# Einstieg JEE: Frage für Frage bis zum Erfolg :-)



## tuxedo (14. Jan 2010)

Hallo,

angeregt durch meinen Post hier versuche ich nun in diesem Thread hier ein Paar Fragen beantwortet zu bekommen.

Also erstmal die Ausgangsbasis:

Ich möchte eine Serveranwendung basierend auf GlassFish. Web-Zugang kommt erstmal nicht in Frage. Netzwerkzugriff via meiner SIMON Bibliothek ist aktuell das Mittel der Wahl. 

So. Erste Frage: *Wo fängt die Anwendung an? *
Bei einer normalen Serveranwendung würde ich hier und da, ausgehend von der main-Methode, Dinge initialisieren und dann den Socketserver (bzw. meine Registry) starten der auf eingehende Verbindungen lauscht. 

Wie fang ich da mit JEE an? Gleich ne Bean erstellen? Welche? Session, Entity oder MessageDriven? Oder eine die ich noch nicht kenne?

Zweite Frage: *Wie unterscheide ich die Beantypen?*
Ich hab hier den einen oder anderen Beispielcode. Nur steht nirgends dabei welcher Beantyp wo verwendet wird.
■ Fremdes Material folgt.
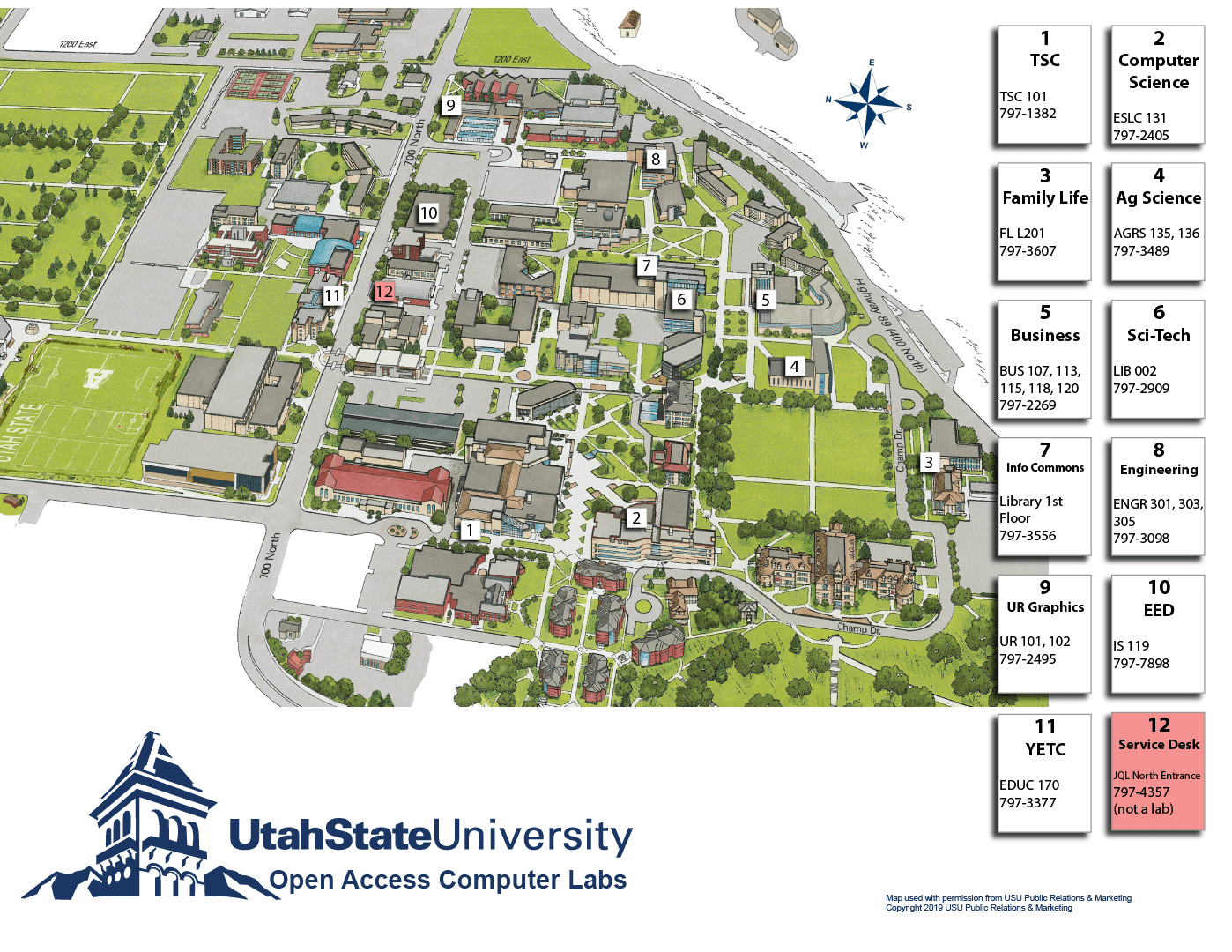 Utah State University Campus Map Lab Map | IT Computer Labs | USU
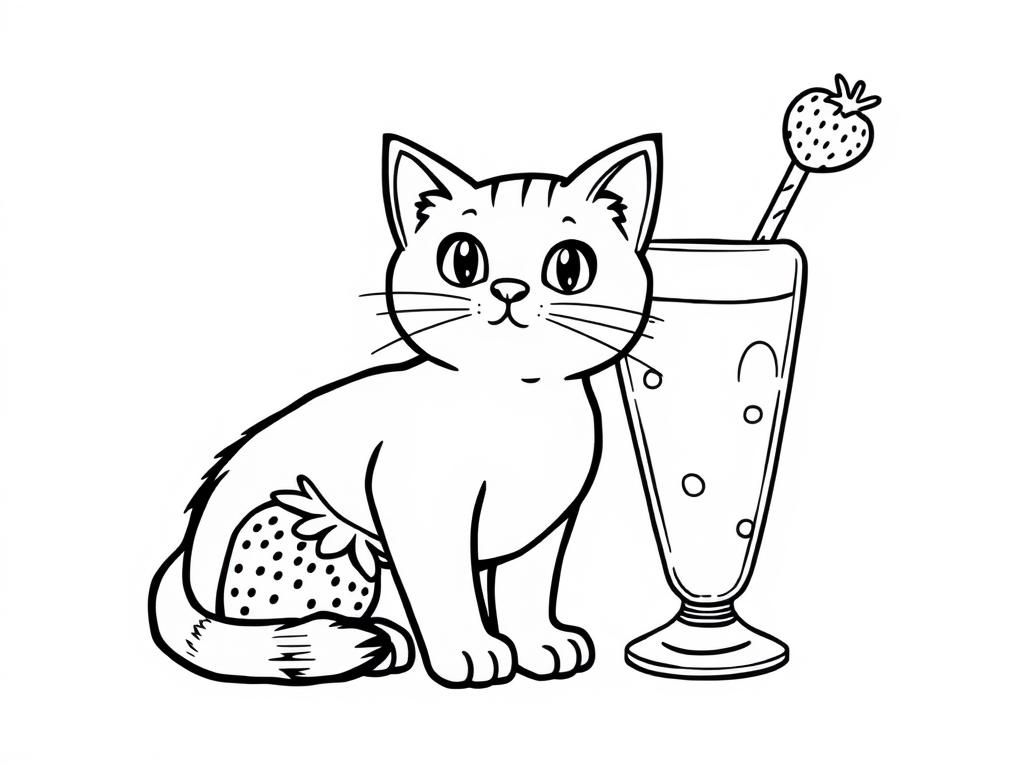 cat sitting next to strawberry milkshake - Free Printable Coloring Page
Anhand welcher Kriterien weiß ich was nun was ist?

Gruß
Alex


----------



## maki (14. Jan 2010)

Sehe da imho keinen vernünftigen Platz für SIMON, da JEE das schon kann, soz. die Weiterentwicklung von RMI 

Der Server kümmert sich um alles und du musst nur doch die angebotenen Dienste nutzen, alles was du machen musst ist eine richtige Konfig zur Verfügung stellen, diese ist mit JEE6 sehr minimalistisch.  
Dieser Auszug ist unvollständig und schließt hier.